→ WORK REQUIRED: Write out exactly, with both ends included, the lines that run from the line containing "Grade 5 Anti-Cutting" to the end of the entries. Pictures are not part of the answer.

BEGIN AVAILABLE RECORDS

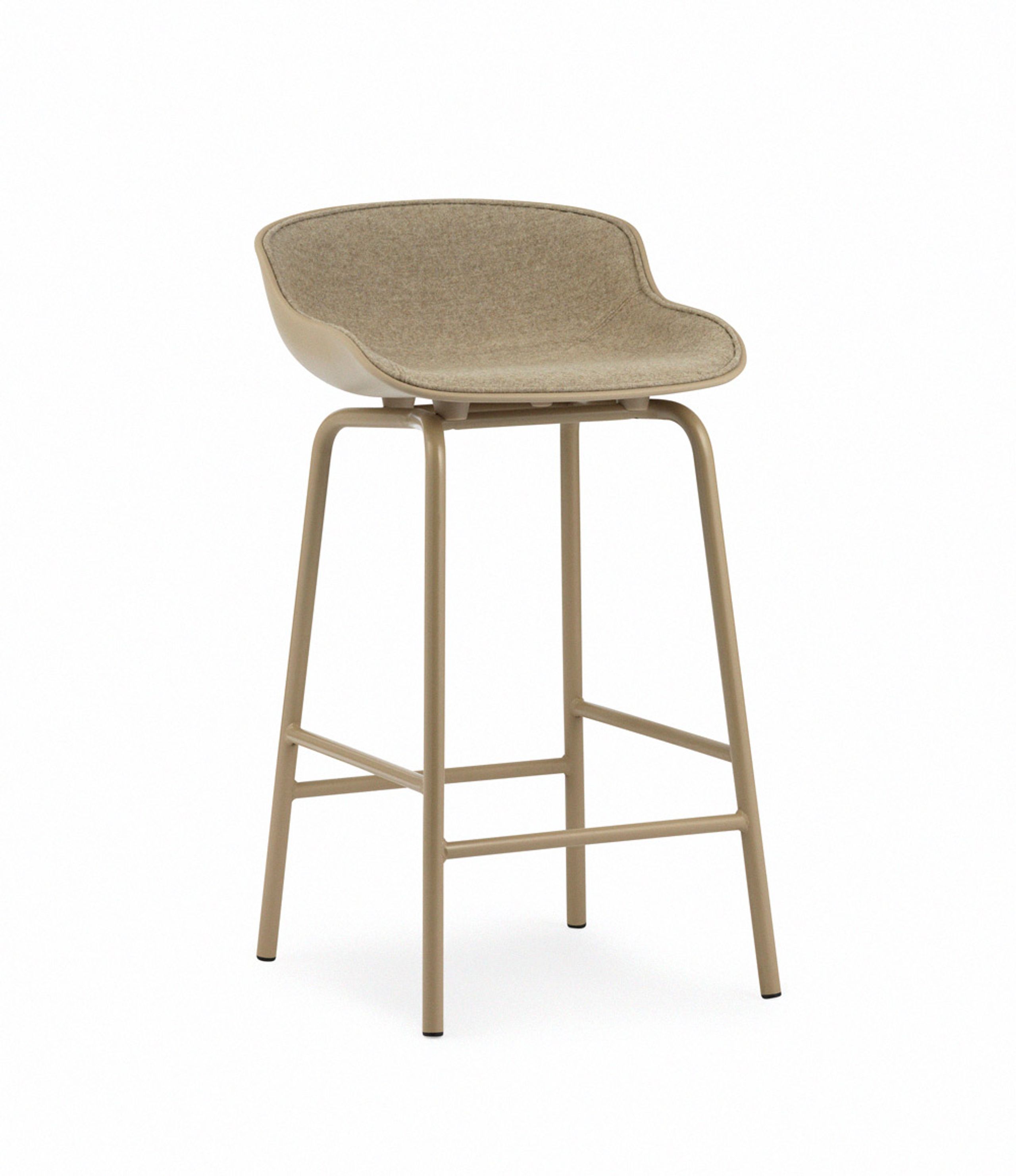 Normann Copenhagen - Bar stool - Hyg Barstol by Simon Legald / Front Upholstery - Sand / Synergy 32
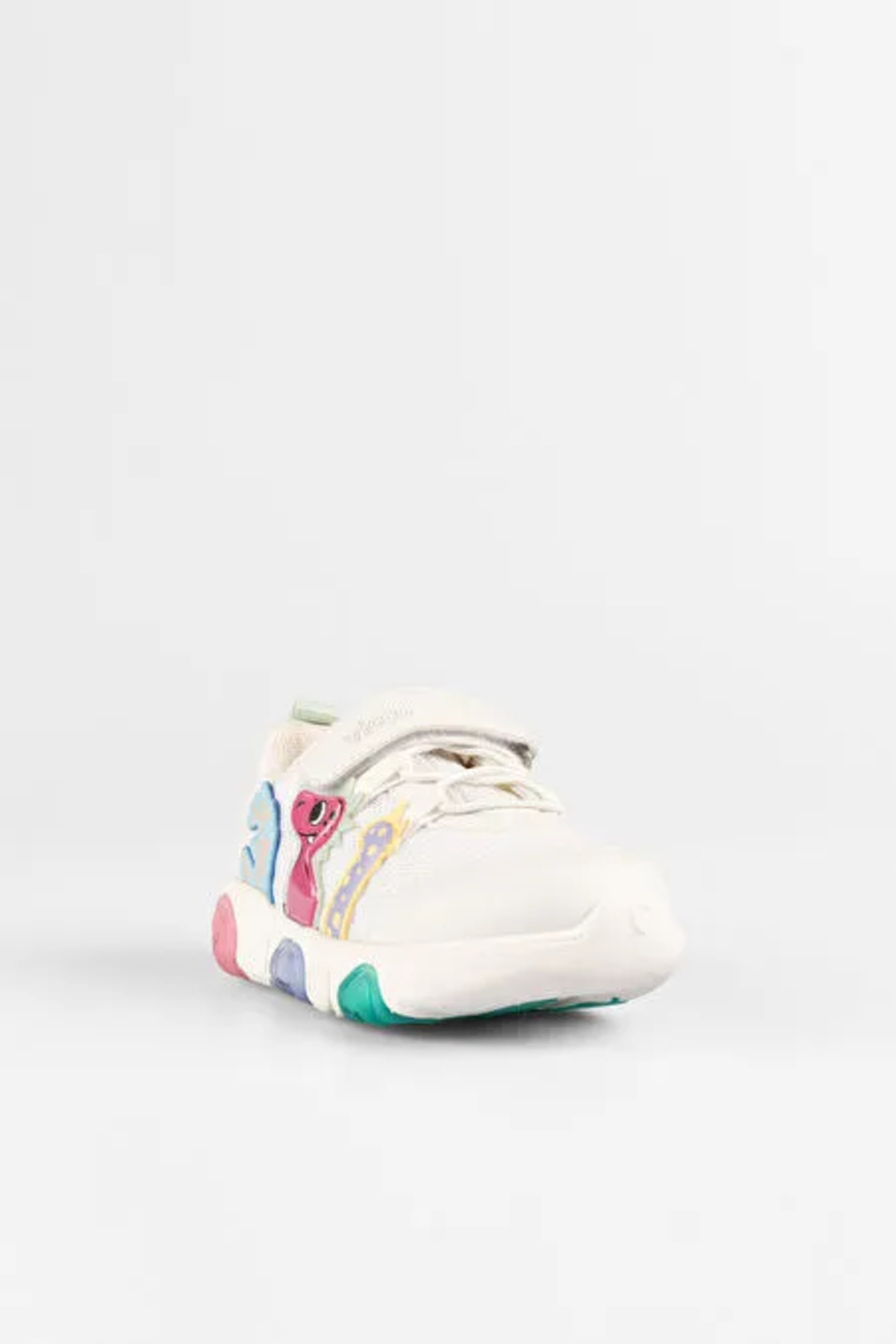 Number Işıklı Phkon Hafif Taban Cırtlı Çocuk Spor Ayakkabı BEYAZ / Beden : 25 / Cinsiyet : Unisex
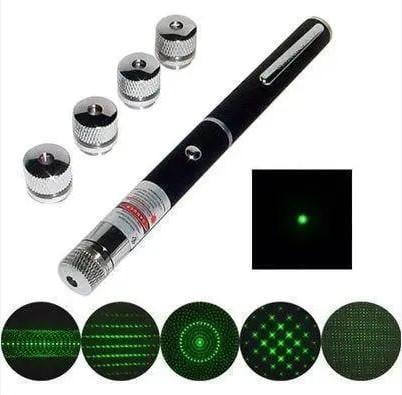 Лазерна указка Laser Pointer 5 мВт з насадками Green (14372721) - фото 7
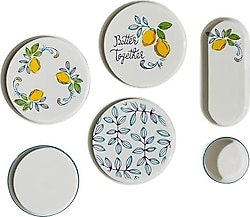 Nehir Sour Lemon 15 Parça 6 Kişilik Seramik Kahvaltı Takımı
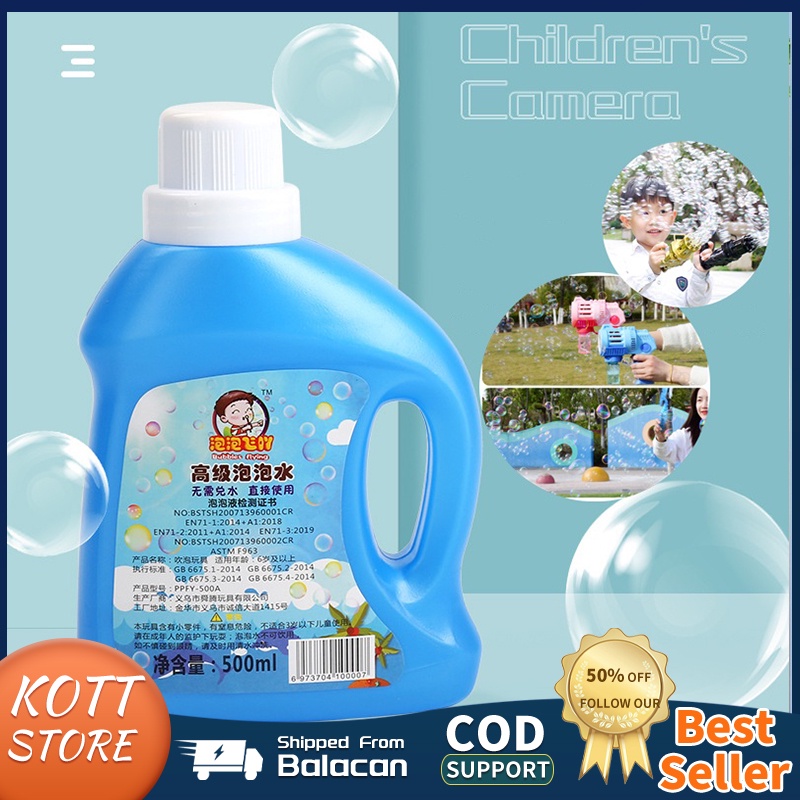 Bubble Water refill 500ml Colorful Bubble Water Bubble Toy Supplement ...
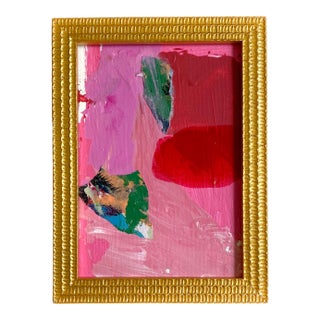 "Raspberry Candies" 2025 Framed Mini Painting by Jessalin Beutler For Sale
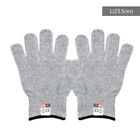 Grade 5 Anti-Cutting Proof Gloves Grey Black Anti Cut Safety Protective Gloves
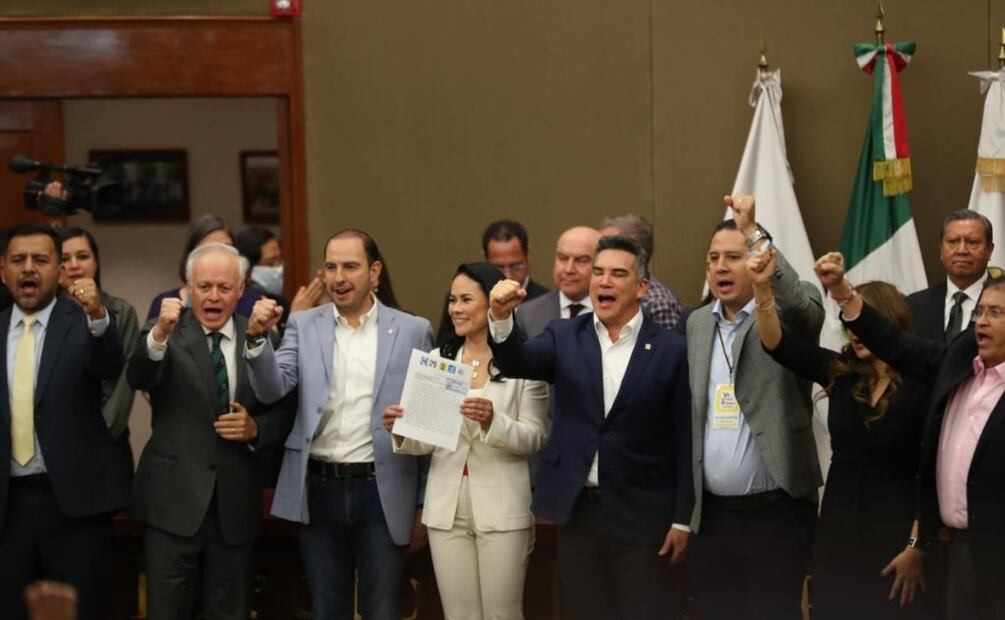 Alejandra del Moral queda registrada por la coalición Va por el Estado de México. Foto: Especial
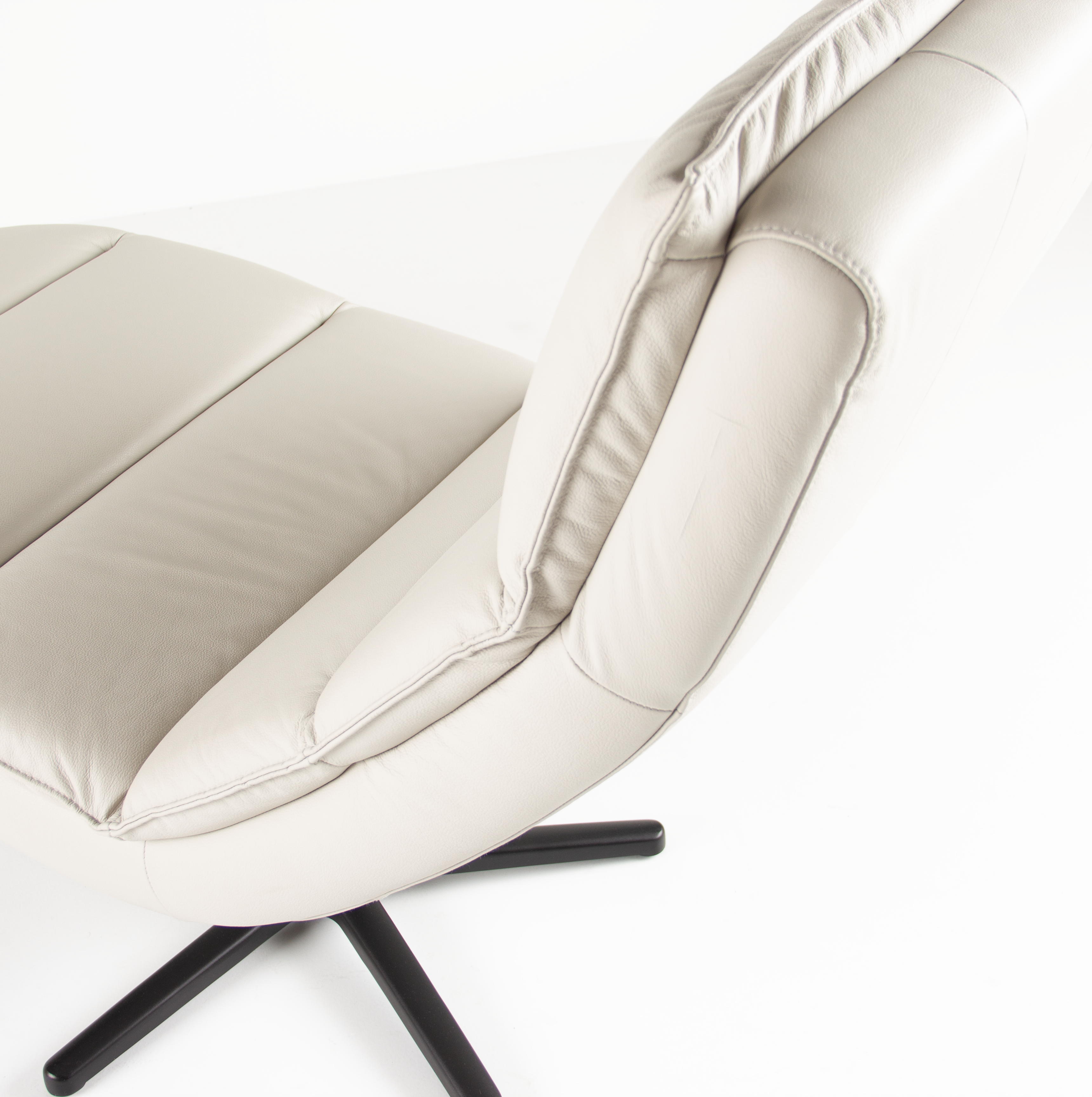 Ligzetel in premium leder - wit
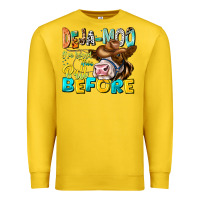 Lemon Deja Moo I've Heard Tih Bull Before Premium Sweatshirt - CowhideDigitalArt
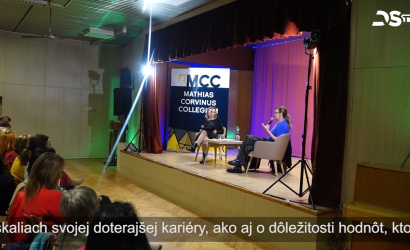 Embedded thumbnail for Hosťom podujatia MCC Felvidék bola televízna moderátorka Marcsi Borbás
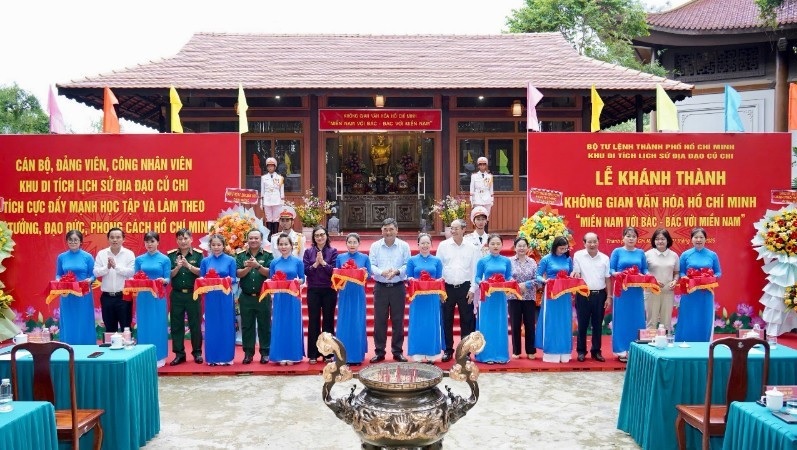 Ho Chi Minh Cultural Space inaugurated at Cu Chi Tunnels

END AVAILABLE RECORDS

→ ANSWER FOR THIS EXERCISE:
 Grade 5 Anti-Cutting Proof Gloves Grey Black Anti Cut Safety Protective Gloves
 Alejandra del Moral queda registrada por la coalición Va por el Estado de México. Foto: Especial
 Ligzetel in premium leder - wit
 Lemon Deja Moo I've Heard Tih Bull Before Premium Sweatshirt - CowhideDigitalArt
 Embedded thumbnail for Hosťom podujatia MCC Felvidék bola televízna moderátorka Marcsi Borbás
 Ho Chi Minh Cultural Space inaugurated at Cu Chi Tunnels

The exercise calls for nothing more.